Oh yeah? Well at least I do anal!

by Anonymousreply 218June 2, 2019 4:28 PM

"Enrique Mas" is not his real name. And quite frankly, he should've chosen "Enrique Menos," if you get my drift.

by Anonymousreply 219June 2, 2019 4:56 PM

^ No wonder Tinymeat played the violin better than he boxed.

by Anonymousreply 220June 3, 2019 12:56 AM

I'm glad we allowed that antiques dealer onto the membership committee.

by Anonymousreply 221June 3, 2019 12:58 AM

Mother, can I have more brussels sprouts? Grandma's roommates make them fresh, unlike yours which are frozen.

by Anonymousreply 222June 3, 2019 1:02 AM

Mrs. Devareaux, was my father cut or uncut?

by Anonymousreply 223June 4, 2019 3:31 AM

Well if you're so bored during my poetry reading Sophia, maybe you should've stayed home to eat FLOT.

by Anonymousreply 224June 7, 2019 5:34 PM

Before we get started Blanche, I need Andy to wipe my butt.

by Anonymousreply 225June 8, 2019 4:09 AM

Nobody wants to do the Hokey Pokey, Sophia. This is a retirement home, not kindergarten.

by Anonymousreply 226June 9, 2019 2:48 AM

Mama, put your breasts away.

by Anonymousreply 227June 9, 2019 1:52 PM

Your daughter is actually too old for men her own age, Mrs. Petrillo.

by Anonymousreply 228June 10, 2019 3:12 AM

Ulysses S. Grant starred in Larceny and Old Lace. Dorothy.

by Anonymousreply 229June 11, 2019 3:31 AM

Apparently his first wife looks like Fess Parker.

by Anonymousreply 230June 11, 2019 10:35 PM

Look, one of you bitches is buying a newspaper subscription, alright?
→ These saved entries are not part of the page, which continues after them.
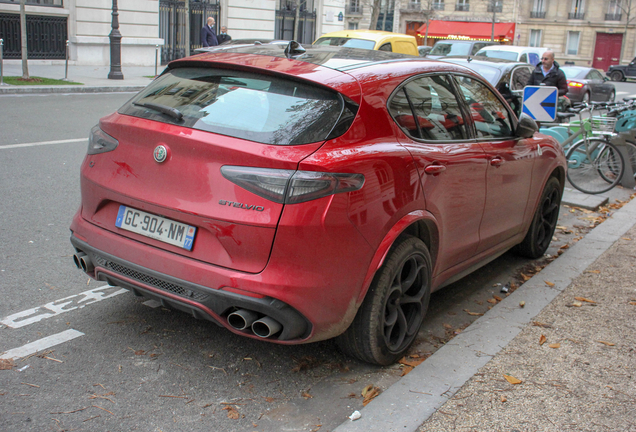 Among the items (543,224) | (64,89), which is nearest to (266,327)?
(543,224)

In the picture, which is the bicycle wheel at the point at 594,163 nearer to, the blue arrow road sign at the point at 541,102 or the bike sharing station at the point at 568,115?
the bike sharing station at the point at 568,115

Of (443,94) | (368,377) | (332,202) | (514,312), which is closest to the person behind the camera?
(332,202)

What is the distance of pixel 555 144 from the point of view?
554 centimetres

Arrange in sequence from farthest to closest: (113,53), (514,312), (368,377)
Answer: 1. (113,53)
2. (514,312)
3. (368,377)

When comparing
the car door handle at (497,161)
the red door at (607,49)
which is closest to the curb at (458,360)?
the car door handle at (497,161)

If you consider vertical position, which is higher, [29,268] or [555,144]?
[555,144]

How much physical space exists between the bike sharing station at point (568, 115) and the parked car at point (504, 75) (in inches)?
60.4

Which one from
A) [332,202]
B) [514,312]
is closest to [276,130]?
[332,202]

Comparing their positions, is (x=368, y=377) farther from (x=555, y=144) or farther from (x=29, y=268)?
(x=555, y=144)

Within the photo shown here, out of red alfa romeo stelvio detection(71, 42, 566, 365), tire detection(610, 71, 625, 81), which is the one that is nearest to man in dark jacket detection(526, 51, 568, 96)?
red alfa romeo stelvio detection(71, 42, 566, 365)

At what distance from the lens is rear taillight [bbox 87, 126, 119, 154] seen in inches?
133

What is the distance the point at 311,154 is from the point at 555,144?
3.33 metres

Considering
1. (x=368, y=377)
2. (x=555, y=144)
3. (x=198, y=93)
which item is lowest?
(x=368, y=377)

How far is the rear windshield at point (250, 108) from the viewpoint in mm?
3035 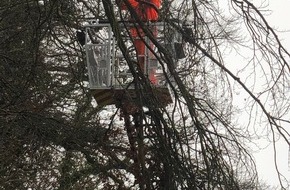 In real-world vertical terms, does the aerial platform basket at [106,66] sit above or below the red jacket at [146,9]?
above

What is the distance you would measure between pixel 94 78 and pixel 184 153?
3154mm

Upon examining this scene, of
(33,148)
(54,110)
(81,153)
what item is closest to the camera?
(33,148)

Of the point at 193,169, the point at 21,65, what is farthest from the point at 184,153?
the point at 21,65

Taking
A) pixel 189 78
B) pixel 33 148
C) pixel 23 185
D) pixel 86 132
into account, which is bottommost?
pixel 189 78

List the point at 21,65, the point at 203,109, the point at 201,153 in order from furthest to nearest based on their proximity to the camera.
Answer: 1. the point at 21,65
2. the point at 203,109
3. the point at 201,153

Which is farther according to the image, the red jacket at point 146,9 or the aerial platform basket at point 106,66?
the aerial platform basket at point 106,66

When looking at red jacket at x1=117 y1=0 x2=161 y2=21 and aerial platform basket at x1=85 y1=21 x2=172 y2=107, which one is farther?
aerial platform basket at x1=85 y1=21 x2=172 y2=107

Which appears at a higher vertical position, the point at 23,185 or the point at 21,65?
the point at 21,65

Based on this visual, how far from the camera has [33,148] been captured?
1030cm

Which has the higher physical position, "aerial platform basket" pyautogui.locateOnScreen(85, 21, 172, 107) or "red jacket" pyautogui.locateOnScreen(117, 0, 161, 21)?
"aerial platform basket" pyautogui.locateOnScreen(85, 21, 172, 107)

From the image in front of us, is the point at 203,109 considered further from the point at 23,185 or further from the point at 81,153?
the point at 81,153

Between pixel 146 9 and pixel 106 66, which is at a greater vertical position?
pixel 106 66

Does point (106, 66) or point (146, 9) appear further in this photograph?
point (106, 66)

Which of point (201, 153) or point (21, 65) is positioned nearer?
point (201, 153) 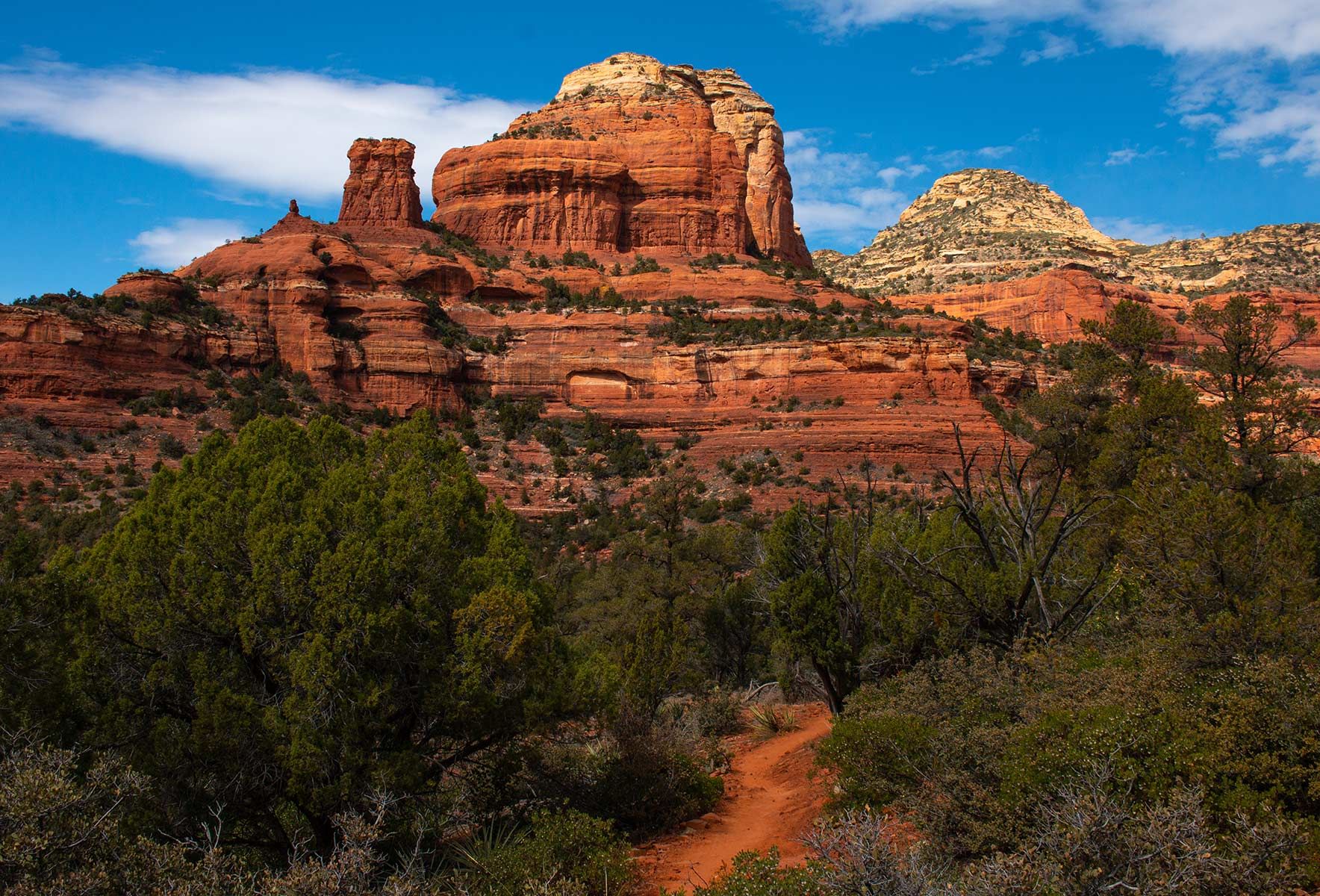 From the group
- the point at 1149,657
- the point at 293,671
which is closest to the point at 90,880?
the point at 293,671

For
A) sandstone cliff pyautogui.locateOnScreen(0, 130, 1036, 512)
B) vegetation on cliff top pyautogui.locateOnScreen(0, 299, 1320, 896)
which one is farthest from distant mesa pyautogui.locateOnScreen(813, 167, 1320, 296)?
vegetation on cliff top pyautogui.locateOnScreen(0, 299, 1320, 896)

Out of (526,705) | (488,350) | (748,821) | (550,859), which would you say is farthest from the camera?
(488,350)

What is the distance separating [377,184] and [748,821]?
2456 inches

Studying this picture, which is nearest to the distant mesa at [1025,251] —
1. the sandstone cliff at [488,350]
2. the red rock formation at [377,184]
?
the sandstone cliff at [488,350]

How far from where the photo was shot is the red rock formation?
2621 inches

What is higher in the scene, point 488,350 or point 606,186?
point 606,186

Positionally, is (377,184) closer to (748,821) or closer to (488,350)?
(488,350)

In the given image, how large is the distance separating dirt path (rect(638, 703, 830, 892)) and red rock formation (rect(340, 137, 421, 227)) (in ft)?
189

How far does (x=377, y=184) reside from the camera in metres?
66.9

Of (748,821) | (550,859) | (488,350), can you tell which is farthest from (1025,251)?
(550,859)

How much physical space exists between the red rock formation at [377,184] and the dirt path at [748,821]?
57.6 metres

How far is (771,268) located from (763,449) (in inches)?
904

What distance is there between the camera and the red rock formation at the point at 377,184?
6656cm

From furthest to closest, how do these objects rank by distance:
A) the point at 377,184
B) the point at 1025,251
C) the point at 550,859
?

by Anonymousreply 231June 12, 2019 4:45 AM

Blanche, you couldn’t handle my job if your life depended on it.

by Anonymousreply 232June 14, 2019 7:05 PM

Rose, I’m really quite fond of scissoring your ladyham.

by Anonymousreply 233June 14, 2019 7:06 PM

On closer examination and cross-checking with all surviving dental records, despite her insensitive wisecrack it appears that Dorothy is right: the pork chop supposedly left uneaten by Elvis Presley is indeed a fake. It was actually left uneaten by Carl Perkins.

by Anonymousreply 234June 14, 2019 7:12 PM

Mmm, I'd like to lick your Fancy Albacore Tuna, Rose.

by Anonymousreply 235June 21, 2019 5:16 AM

Ma, Nobody wants to see you flash your hoo hoo. Yes, it does stop traffic. That’s because you put a red light in it.

by Anonymousreply 236June 21, 2019 5:24 AM

I'm Rocco and this is Johnny No-Thumbs. He's here to finger-bang Sophia.

by Anonymousreply 237June 21, 2019 5:51 AM

Yes, I have been a fruit before: in the 1950s I was a singing, dancing orange in an orange juice commercial. They fired me for Anita Bryant.

by Anonymousreply 238June 21, 2019 3:46 PM

When there is one road, no one gets lost. There are also really long traffic jams.

by Anonymousreply 239June 24, 2019 6:17 AM

We don’t believe in labels; we believe in labias.

by Anonymousreply 240June 24, 2019 3:35 PM

Blanche, your desperation is showing.

by Anonymousreply 241August 25, 2019 2:10 AM

Chlamydia? I wouldn’t be seen with a Greek person in public. — Blanche

by Anonymousreply 242August 25, 2019 2:21 AM

"I'm Moe Greene!"

by Anonymousreply 243October 16, 2019 1:23 AM

[Dr. Budd's dinner date]: Who is this woman?

[Dr. Budd]: Just some mug-cradling fibrowarrior.

by Anonymousreply 244April 30, 2020 10:37 PM

I got a report down at the police station about some lost Preparation H.

by Anonymousreply 245July 3, 2020 2:59 AM

Thanks for bearding for our gay piano ba, ladies.

by Anonymousreply 246August 29, 2020 1:15 AM

Mother, I'm going back to... Christopher!